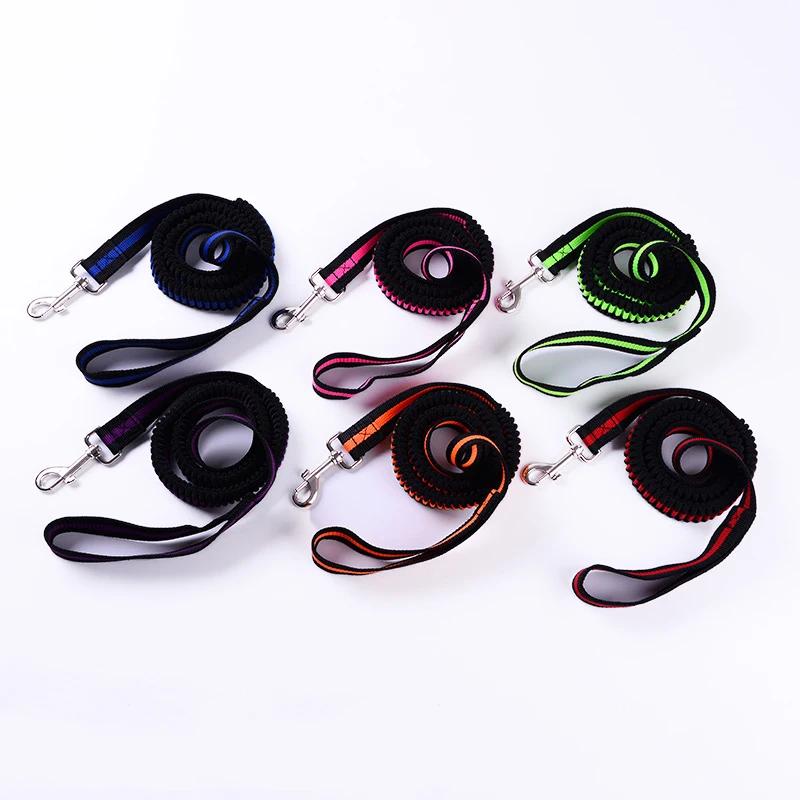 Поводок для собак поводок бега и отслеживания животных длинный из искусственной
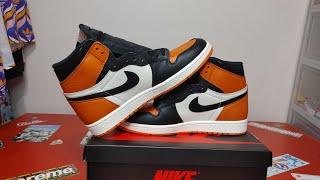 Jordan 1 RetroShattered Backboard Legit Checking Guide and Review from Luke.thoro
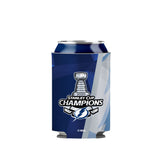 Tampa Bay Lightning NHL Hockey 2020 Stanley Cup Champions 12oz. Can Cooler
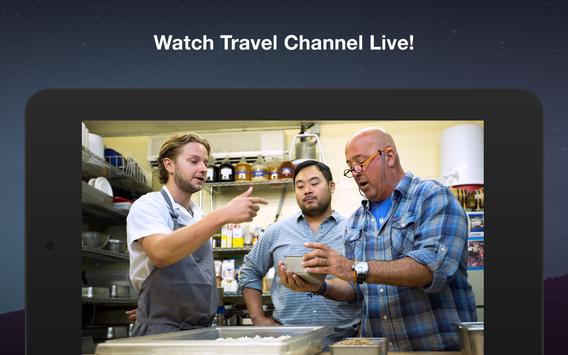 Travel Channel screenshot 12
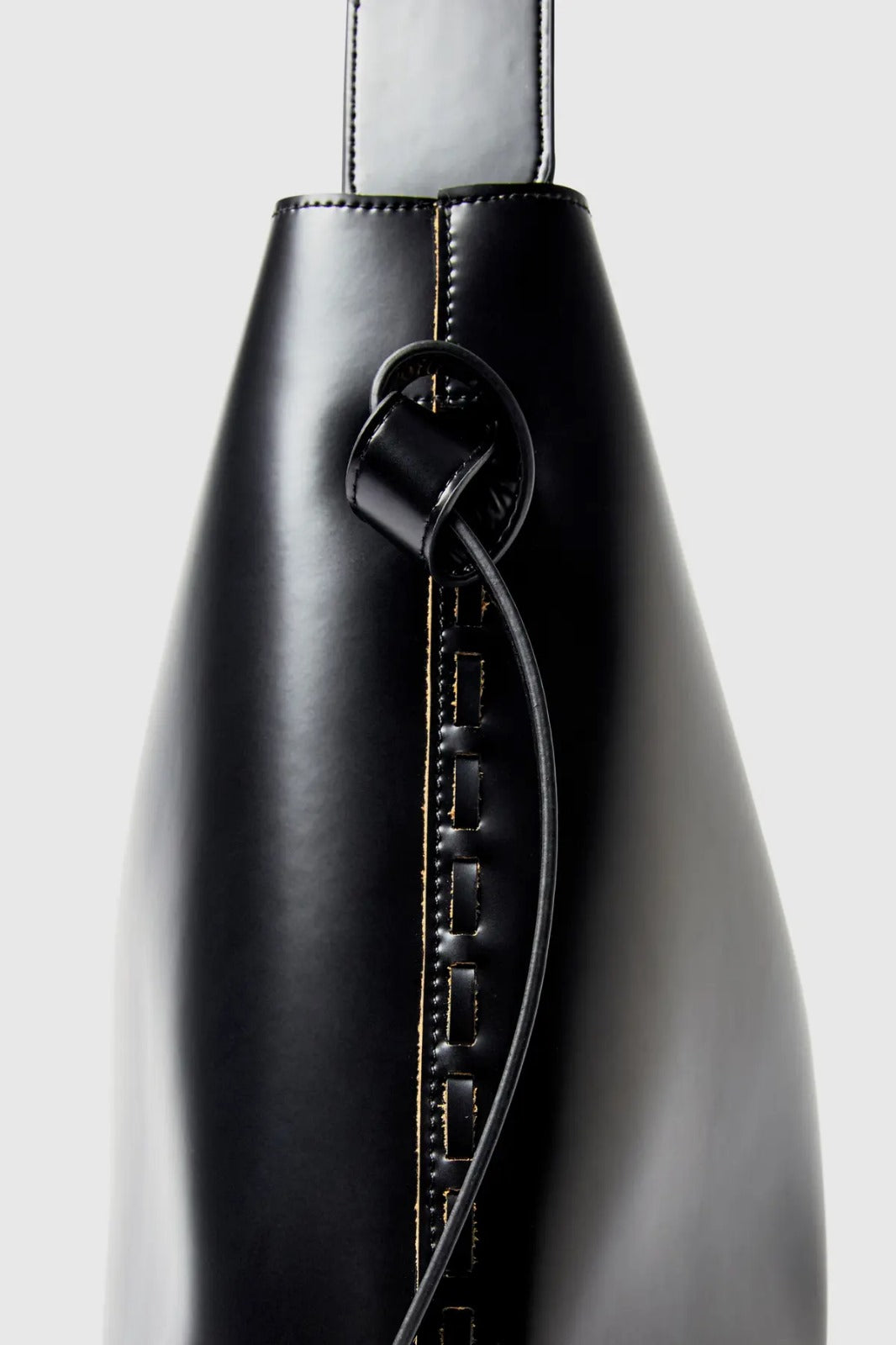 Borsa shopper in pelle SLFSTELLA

---

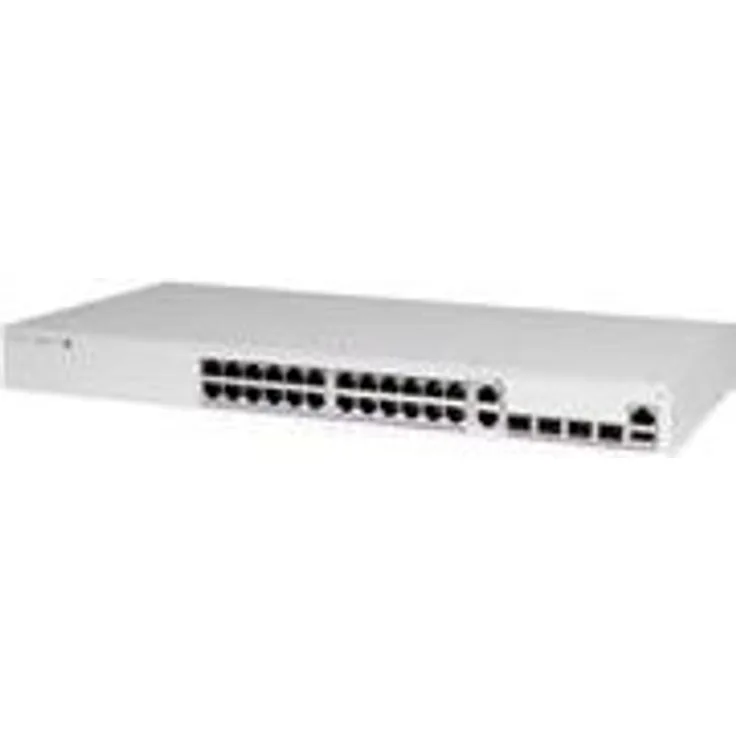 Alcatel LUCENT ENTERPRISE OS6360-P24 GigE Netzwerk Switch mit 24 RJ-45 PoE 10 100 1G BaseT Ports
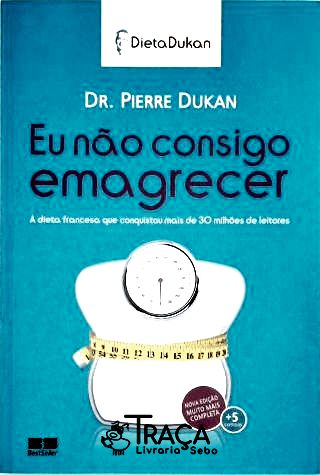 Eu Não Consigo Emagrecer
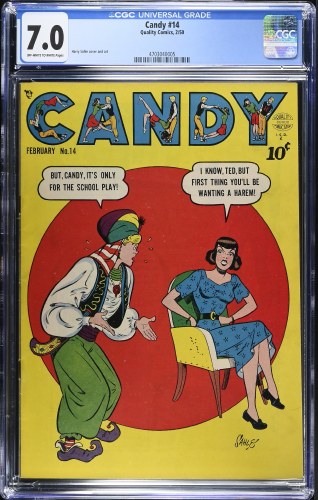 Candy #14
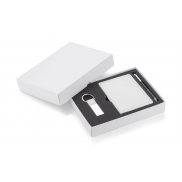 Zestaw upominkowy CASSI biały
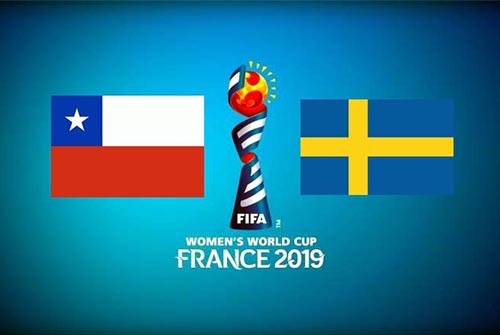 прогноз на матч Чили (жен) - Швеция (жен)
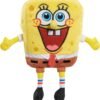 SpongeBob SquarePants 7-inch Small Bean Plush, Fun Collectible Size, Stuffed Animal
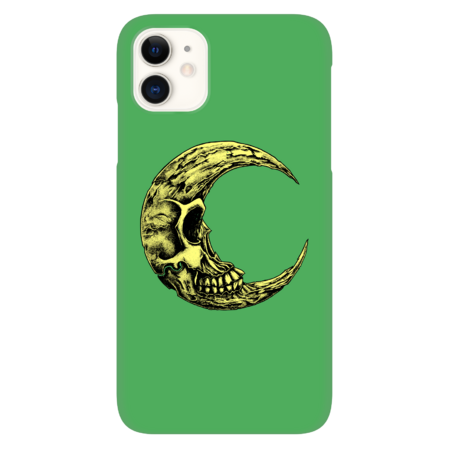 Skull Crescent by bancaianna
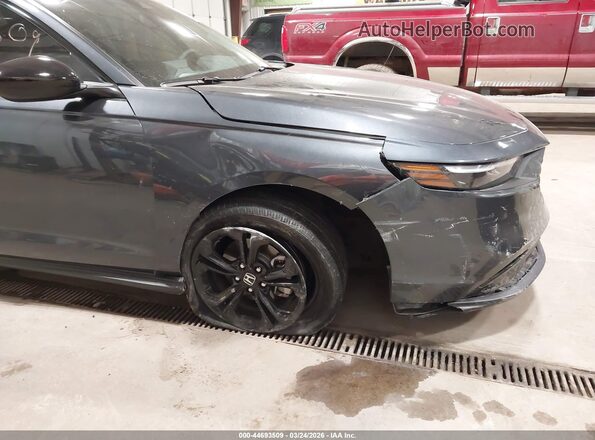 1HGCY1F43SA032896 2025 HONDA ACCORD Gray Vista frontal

--

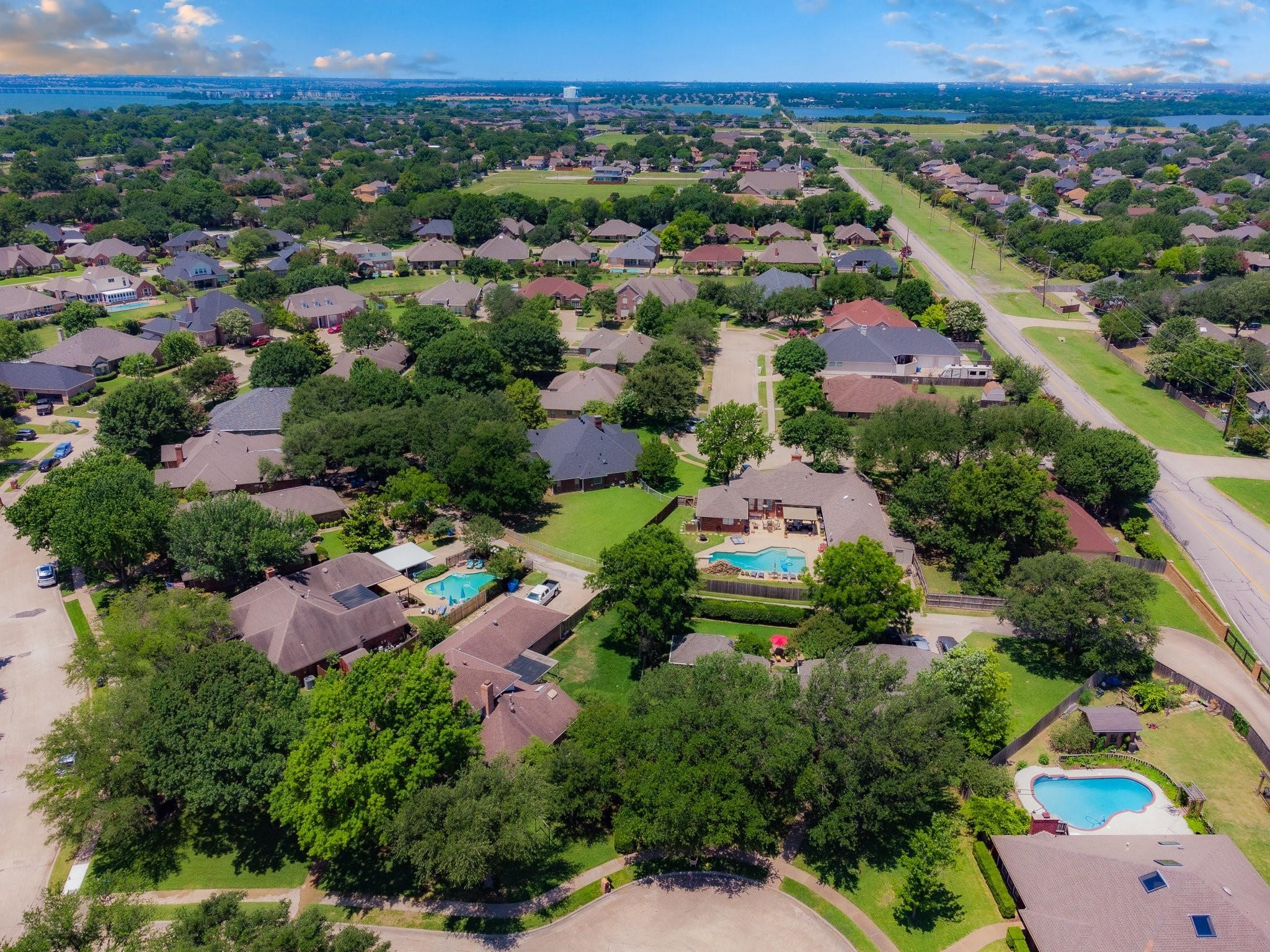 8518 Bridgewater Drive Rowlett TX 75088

WORK TO COMPLETE: Extract the part of the records that opens with the line containing "Поводок для собак" and closes with the line containing "Borsa shopper in pelle SLFSTELLA". Take only those lines, exactly, and no pictures.

WRITTEN RESPONSE:
 Поводок для собак поводок бега и отслеживания животных длинный из искусственной
 Jordan 1 RetroShattered Backboard Legit Checking Guide and Review from Luke.thoro
 Tampa Bay Lightning NHL Hockey 2020 Stanley Cup Champions 12oz. Can Cooler
 Travel Channel screenshot 12
 Borsa shopper in pelle SLFSTELLA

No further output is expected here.